The federal regulator of Fannie Mae and its counterpart, Freddie Mac (FRE Quote - Cramer on FRE - Stock Picks), announced shortly after the earnings release that it would lift its cap on their investment portfolios on March 1, in an effort to rejuvenate the secondary market for securitized mortgages. The cap was imposed on Fannie and Freddie after they had breakdowns in their financial reporting practices, but the Office of Federal Housing Enterprise Oversight said both companies have made "substantial progress" in fixing their internal controls and accounting systems.

Despite its lowered expectations, the Fed's forecast still stands in stark contrast to the widely-held belief among investors that the U.S. economy is either already in a recession or headed toward one.
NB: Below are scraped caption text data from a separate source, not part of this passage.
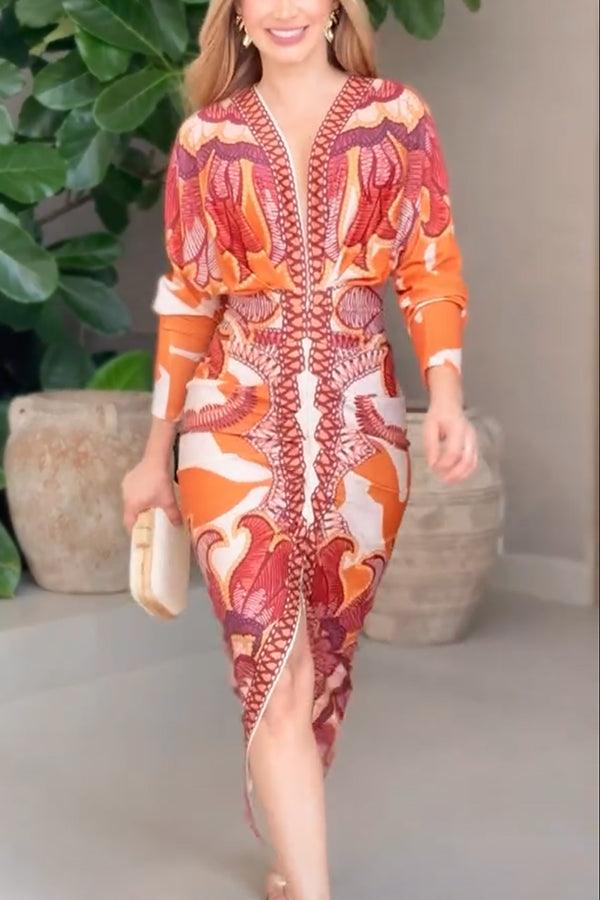 Eva | Vestito Midi Dolman con Stampa Unica Sun Escape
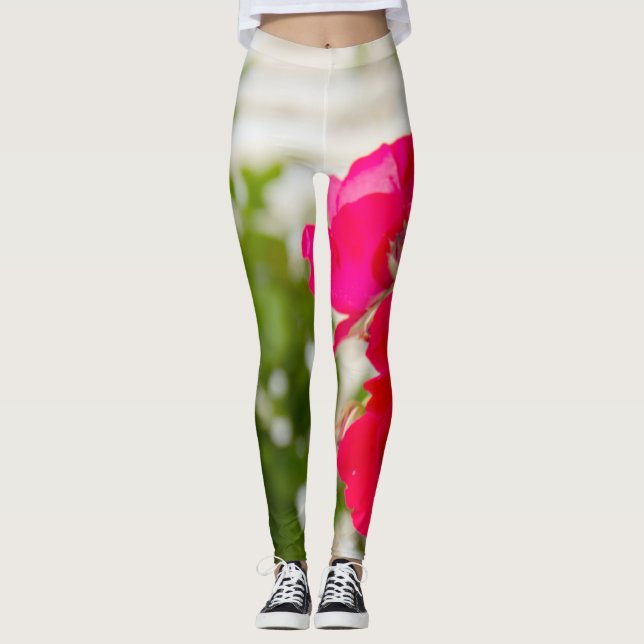 Legging Grandes rosas vermelhas no jardim (Frente)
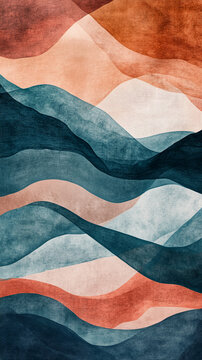 Abstract art depicting layered, textured waves in teal, peach, and terracotta hues.  Represents serenity, tranquility, and natural landscapes, ideal for home decor or design projects
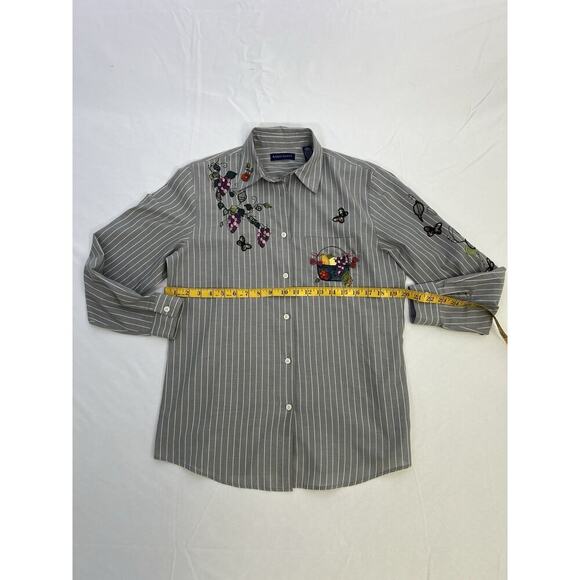 VTG Karen Scott Womens Button Up Shirt Embroidery Gardencore Stripped Gray Sz S - Picture 10 of 14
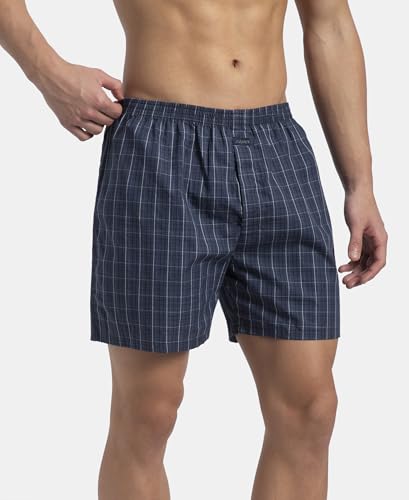 Image of Jockey 1222 Men Super Combed Mercerized Cotton Woven Checkered Boxer Shorts with Back Pocket (Pack of 2, Colors & Prints May Vary)
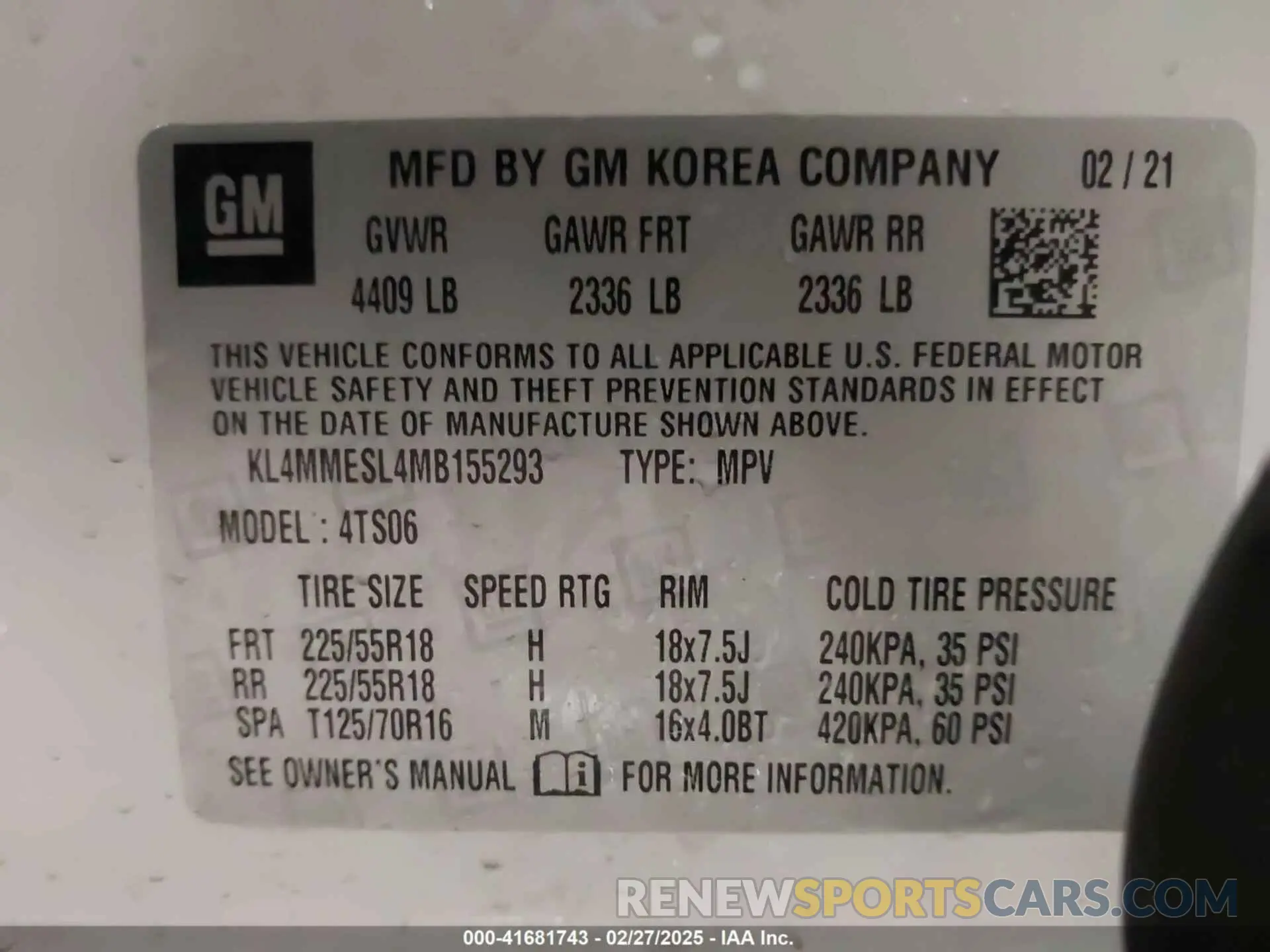 9 Photograph of a damaged car KL4MMESL4MB155293 BUICK ENCORE GX 2021
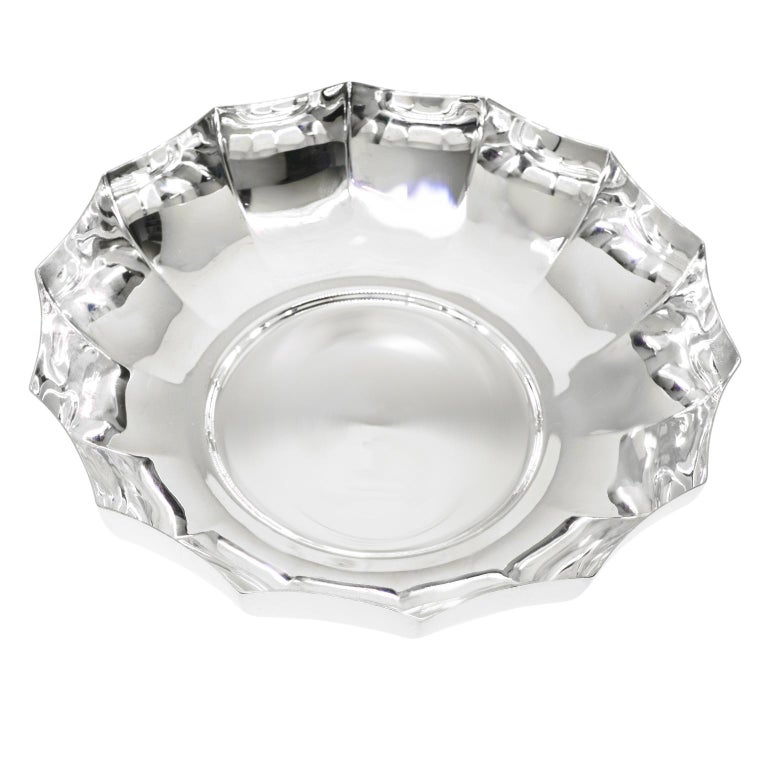 American Tiffany Modernist Fluted Sterling Bowl For Sale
The government's early report for the fourth-quarter showed GDP growth of just 0.6%. That reading will be updated by the government on Thursday, and economists on Wall Street are expecting a small uptick to growth of 0.8%.

Meanwhile, the Labor Department reported a contraction in the U.S. job market in January -- the first on record since 2003. That signaled to investors that economic conditions are deteriorating in 2008, amid a dramatic slowdown in the U.S. housing market and relentless turmoil and uncertainty in the world's financial markets.

Bernanke's description of the economy in his testimony supported the notion that conditions are worsening.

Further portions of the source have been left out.